Auch Wesely/Laars Bild-Ton-Konserven transportieren mit dem Fritz-Lang-Titel einen retrospektiven Ansatz, ohne allerdings ins Nostalgische zu verfallen. Wie Großvaters Camera obscura wirkt der aus Holz selbstgebastelte und mit Graufiltern ausgestattete Foto-Apparat. Die Technik der Schallplatte ist seit Jahrzehnten vertraut. Klassisch bauen sich Weselys Bilder mit dem Fluchtpunkt zur Mitte hin auf, zum Loch: Bei Gefallen passt der Nagel an der Wand hindurch.

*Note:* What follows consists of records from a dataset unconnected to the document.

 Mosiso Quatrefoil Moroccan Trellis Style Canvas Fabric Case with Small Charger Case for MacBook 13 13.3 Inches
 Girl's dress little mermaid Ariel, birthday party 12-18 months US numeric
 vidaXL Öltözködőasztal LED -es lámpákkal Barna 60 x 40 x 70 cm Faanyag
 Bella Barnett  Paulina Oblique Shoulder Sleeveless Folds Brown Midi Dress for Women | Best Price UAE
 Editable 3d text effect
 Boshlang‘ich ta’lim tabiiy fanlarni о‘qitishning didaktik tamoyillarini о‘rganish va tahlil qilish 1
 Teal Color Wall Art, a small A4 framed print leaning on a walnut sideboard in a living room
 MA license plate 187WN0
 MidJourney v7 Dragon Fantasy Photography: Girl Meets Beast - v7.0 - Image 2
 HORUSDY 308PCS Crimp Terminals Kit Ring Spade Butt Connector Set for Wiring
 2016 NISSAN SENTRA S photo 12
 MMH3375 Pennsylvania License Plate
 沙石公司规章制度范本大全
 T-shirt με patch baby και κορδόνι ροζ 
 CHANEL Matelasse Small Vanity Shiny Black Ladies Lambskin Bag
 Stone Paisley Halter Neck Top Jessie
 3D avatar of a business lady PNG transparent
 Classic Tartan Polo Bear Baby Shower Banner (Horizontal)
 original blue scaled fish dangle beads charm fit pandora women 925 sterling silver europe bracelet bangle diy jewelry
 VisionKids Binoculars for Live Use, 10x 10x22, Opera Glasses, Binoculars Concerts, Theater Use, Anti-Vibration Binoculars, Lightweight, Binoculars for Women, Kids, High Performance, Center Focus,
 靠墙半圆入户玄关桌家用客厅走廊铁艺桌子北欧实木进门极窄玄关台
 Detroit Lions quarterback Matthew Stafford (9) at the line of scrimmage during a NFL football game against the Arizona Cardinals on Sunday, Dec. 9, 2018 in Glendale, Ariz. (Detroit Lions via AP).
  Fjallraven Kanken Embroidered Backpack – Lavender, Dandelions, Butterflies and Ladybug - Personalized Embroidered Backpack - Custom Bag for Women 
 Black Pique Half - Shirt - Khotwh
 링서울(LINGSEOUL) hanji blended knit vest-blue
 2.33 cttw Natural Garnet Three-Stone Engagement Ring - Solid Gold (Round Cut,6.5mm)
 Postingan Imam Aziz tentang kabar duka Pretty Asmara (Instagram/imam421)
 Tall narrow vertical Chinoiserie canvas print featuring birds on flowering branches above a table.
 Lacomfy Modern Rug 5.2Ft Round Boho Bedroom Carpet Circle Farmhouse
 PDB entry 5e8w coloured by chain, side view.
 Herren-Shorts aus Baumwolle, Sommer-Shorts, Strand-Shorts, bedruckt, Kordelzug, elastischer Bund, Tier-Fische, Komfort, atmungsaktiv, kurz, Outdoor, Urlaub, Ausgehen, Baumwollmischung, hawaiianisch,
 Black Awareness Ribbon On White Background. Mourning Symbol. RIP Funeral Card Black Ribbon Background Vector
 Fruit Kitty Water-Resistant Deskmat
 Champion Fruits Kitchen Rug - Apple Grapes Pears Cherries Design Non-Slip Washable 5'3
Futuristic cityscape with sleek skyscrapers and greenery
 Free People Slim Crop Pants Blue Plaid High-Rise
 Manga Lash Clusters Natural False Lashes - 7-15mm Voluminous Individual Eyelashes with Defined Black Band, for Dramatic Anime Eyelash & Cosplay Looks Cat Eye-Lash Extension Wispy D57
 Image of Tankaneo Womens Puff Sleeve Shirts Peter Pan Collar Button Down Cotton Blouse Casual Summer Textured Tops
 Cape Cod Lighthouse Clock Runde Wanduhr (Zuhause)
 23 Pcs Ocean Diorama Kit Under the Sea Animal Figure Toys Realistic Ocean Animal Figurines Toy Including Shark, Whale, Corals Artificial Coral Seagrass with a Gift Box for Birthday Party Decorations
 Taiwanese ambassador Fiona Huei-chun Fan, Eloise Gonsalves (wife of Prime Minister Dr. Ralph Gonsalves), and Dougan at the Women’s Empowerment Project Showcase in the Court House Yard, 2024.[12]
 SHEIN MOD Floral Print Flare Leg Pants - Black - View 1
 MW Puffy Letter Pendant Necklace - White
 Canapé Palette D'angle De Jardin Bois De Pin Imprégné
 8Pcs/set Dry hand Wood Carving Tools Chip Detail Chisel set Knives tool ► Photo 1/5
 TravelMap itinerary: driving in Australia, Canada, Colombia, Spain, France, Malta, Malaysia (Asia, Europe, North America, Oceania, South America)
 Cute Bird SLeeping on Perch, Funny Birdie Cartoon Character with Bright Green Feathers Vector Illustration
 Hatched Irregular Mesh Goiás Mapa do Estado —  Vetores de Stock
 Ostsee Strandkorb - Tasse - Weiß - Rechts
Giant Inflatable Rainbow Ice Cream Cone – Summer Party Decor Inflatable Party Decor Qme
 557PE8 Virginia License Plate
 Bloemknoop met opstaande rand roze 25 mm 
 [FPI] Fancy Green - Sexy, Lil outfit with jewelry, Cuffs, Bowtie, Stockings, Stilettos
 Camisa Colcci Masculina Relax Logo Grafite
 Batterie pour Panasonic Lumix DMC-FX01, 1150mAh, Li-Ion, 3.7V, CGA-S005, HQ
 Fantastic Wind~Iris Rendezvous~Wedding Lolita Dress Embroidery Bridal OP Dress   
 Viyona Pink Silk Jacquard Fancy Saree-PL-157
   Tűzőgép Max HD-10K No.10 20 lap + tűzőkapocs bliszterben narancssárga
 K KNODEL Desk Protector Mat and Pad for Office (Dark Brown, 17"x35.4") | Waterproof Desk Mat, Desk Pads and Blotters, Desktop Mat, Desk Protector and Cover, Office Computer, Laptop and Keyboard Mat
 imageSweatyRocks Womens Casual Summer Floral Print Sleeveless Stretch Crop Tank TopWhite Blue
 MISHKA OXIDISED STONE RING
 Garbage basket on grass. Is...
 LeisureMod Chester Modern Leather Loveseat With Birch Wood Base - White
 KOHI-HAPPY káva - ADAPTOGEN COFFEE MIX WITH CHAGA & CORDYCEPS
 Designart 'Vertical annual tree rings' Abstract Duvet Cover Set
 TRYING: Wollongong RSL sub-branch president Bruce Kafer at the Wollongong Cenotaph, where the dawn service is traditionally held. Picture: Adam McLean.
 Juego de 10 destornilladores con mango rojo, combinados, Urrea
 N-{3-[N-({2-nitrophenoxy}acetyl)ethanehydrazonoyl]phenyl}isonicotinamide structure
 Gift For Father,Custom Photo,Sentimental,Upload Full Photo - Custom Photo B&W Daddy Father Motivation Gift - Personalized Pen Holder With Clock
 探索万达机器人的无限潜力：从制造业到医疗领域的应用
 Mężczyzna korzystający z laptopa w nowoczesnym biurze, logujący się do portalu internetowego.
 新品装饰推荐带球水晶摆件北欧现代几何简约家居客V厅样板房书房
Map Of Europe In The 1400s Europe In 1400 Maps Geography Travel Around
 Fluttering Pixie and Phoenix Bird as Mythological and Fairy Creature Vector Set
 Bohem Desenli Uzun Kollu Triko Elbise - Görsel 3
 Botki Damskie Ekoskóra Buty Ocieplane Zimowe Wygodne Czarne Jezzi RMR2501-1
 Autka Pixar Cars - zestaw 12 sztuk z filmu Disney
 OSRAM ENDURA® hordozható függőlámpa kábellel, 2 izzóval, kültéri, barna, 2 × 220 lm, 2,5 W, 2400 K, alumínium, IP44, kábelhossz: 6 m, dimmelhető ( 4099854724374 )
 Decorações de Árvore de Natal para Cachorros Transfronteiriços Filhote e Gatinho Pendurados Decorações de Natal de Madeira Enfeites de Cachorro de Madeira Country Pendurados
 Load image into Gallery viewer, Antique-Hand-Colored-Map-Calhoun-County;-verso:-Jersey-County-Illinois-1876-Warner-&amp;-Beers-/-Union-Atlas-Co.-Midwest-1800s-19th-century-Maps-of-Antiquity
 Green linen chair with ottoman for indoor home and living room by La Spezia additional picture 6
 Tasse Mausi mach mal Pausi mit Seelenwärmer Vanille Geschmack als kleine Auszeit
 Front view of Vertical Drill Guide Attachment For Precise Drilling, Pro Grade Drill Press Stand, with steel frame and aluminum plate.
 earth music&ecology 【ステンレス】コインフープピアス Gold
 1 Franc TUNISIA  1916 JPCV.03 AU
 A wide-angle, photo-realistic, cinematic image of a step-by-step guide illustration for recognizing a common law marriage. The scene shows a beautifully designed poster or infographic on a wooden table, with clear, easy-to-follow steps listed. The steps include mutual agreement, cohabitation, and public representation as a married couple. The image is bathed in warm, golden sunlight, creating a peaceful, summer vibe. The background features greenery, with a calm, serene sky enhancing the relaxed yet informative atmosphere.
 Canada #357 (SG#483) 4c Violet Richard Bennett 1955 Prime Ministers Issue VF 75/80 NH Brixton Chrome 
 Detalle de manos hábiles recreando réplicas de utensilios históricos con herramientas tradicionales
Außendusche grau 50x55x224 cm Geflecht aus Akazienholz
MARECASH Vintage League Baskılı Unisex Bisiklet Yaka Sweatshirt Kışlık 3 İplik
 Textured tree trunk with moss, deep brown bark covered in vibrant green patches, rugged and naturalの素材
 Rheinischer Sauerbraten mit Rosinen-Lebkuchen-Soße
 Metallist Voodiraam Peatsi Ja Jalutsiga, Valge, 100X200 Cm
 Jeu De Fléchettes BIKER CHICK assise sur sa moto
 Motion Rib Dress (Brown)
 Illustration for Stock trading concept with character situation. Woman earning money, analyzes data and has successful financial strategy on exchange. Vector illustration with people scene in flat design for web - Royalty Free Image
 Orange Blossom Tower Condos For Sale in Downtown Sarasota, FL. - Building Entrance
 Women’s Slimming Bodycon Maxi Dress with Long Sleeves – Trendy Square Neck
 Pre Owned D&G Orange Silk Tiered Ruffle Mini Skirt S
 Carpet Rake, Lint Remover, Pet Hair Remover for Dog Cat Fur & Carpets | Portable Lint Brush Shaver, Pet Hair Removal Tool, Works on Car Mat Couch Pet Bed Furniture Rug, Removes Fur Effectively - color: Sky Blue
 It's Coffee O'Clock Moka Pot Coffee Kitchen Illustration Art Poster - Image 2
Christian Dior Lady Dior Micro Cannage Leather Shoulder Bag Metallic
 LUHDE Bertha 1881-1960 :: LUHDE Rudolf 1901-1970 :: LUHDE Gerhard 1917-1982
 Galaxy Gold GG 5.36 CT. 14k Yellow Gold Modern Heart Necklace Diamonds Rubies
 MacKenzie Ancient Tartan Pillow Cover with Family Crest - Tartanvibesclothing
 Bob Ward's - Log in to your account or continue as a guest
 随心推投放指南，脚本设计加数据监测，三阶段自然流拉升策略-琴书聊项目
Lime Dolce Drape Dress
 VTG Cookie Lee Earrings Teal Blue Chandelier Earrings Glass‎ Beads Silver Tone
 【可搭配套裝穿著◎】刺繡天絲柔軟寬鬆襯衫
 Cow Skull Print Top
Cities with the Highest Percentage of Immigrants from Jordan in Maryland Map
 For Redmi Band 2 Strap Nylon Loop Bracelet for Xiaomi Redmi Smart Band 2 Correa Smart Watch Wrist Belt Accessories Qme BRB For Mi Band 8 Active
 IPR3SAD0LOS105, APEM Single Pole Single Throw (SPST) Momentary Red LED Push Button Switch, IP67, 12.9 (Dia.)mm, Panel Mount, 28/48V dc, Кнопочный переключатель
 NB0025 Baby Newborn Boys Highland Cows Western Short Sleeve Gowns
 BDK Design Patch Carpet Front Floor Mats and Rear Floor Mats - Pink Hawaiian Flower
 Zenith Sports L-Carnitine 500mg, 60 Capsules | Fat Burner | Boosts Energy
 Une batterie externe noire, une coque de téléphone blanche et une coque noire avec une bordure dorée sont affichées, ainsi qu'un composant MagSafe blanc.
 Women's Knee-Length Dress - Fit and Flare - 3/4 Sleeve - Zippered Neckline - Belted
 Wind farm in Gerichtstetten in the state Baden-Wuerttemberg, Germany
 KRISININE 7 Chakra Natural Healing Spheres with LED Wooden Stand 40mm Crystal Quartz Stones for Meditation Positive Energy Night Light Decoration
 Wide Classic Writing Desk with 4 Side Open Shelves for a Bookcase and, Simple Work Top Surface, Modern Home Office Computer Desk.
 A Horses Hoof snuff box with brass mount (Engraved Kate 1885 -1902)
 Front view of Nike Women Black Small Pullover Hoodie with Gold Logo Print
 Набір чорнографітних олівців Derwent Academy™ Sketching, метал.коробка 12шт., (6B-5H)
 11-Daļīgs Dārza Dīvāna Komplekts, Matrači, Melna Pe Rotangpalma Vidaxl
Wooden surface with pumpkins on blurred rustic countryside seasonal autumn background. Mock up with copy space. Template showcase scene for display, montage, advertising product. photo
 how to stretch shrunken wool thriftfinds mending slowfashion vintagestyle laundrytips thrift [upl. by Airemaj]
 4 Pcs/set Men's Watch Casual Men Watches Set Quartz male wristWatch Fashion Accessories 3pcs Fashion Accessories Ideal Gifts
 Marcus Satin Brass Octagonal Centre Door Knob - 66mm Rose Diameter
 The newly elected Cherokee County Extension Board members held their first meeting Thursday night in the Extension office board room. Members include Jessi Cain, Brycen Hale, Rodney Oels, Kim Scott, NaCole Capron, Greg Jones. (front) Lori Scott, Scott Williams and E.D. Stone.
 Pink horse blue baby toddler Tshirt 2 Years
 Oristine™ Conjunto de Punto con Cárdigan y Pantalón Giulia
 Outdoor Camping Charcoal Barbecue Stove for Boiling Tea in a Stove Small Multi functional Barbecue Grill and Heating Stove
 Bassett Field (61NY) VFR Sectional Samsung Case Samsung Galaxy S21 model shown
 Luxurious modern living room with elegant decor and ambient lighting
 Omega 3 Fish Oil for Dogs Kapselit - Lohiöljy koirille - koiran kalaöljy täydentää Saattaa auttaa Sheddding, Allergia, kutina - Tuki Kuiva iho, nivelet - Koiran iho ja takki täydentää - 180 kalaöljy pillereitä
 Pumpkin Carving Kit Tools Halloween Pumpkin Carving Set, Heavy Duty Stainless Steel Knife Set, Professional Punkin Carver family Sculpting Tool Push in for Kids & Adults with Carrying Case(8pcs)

Verblüffend neu erscheint indes die Gleichzeitigkeit der statischen und sich entwickelnden Elemente auf einem Bildplattenmotiv. Zumal, wenn der zugehörige Ton jene Abläufe nachliefert, die auf dem Bild gar nicht oder nur schemenhaft erfasst sind. Weil die langen Belichtungen schnell bewegte Objekte nicht wahrnehmen, scheint der belebte Harbour Freeway völlig verkehrsfrei. Wartende Menschen vor dem extrem scharfen Hintergrund einer Imbissbude bilden ein schemenhaftes Knäuel. Die Autos vor der rot-gelb-grünen Verkehrsampel schweben geisterhaft entmaterialisiert durch banale Straßenfluchten. Viel Illusion für 100 DM pro Platte.